Assignment: Copy exactly the lines of the material below that run from the one containing "Colorful pringtime daffodils" through the one containing "Yumi Red Ribbed". Copy no other lines.

[[ Data records, beginning ]]

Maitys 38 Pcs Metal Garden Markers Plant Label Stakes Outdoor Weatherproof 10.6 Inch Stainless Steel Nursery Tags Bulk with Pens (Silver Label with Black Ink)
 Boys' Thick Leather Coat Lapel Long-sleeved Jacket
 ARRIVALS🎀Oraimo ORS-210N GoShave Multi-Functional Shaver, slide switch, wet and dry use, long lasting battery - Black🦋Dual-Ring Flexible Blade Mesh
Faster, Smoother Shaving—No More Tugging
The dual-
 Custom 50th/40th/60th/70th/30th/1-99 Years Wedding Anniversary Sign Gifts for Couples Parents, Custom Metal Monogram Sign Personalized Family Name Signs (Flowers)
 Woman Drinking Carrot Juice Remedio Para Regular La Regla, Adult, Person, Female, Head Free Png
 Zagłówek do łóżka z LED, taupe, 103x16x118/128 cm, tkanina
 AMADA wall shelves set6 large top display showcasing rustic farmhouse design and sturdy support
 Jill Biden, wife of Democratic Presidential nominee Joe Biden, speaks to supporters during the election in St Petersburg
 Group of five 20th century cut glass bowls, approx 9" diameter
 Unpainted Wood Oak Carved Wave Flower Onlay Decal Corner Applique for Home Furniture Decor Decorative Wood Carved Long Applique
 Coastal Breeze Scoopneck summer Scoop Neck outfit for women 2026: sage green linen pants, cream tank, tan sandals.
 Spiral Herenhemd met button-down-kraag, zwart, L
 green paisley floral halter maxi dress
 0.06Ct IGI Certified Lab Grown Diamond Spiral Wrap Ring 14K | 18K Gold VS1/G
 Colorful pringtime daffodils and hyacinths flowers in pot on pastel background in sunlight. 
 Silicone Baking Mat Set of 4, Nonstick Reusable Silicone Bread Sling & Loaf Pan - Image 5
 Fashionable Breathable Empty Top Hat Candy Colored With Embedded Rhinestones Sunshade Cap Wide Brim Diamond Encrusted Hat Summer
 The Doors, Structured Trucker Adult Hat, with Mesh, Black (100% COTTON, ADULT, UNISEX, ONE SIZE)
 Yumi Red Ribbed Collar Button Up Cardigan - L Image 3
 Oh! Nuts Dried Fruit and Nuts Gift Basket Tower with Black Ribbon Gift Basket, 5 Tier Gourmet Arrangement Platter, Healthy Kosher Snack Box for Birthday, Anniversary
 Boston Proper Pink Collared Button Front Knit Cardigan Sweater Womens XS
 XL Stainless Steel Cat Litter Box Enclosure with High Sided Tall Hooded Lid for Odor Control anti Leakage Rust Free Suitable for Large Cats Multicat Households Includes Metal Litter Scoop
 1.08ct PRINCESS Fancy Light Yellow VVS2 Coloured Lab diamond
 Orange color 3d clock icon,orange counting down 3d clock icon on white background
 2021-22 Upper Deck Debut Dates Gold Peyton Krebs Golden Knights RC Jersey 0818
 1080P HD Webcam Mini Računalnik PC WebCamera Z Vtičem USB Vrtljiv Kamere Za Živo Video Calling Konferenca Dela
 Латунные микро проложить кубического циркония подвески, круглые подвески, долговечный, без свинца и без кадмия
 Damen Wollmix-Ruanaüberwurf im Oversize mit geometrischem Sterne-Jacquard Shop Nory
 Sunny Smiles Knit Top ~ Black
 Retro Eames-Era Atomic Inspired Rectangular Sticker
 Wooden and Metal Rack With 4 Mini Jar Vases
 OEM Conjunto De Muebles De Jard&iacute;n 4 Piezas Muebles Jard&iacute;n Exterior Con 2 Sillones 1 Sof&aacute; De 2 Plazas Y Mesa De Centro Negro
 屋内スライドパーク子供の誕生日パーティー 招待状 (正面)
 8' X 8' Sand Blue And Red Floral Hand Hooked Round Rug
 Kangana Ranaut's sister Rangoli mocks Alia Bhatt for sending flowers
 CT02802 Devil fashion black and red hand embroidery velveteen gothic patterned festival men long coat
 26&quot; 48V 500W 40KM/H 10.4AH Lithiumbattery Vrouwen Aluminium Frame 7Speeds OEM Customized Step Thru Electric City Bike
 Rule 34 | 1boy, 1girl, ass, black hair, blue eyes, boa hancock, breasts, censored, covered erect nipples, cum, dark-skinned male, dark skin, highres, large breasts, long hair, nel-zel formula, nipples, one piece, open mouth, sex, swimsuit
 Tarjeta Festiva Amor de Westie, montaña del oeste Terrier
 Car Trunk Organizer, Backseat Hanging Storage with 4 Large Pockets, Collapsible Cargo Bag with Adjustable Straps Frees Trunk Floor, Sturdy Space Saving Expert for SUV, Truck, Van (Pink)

[[ Data records, end ]]

Task output:
 Colorful pringtime daffodils and hyacinths flowers in pot on pastel background in sunlight. 
 Silicone Baking Mat Set of 4, Nonstick Reusable Silicone Bread Sling & Loaf Pan - Image 5
 Fashionable Breathable Empty Top Hat Candy Colored With Embedded Rhinestones Sunshade Cap Wide Brim Diamond Encrusted Hat Summer
 The Doors, Structured Trucker Adult Hat, with Mesh, Black (100% COTTON, ADULT, UNISEX, ONE SIZE)
 Yumi Red Ribbed Collar Button Up Cardigan - L Image 3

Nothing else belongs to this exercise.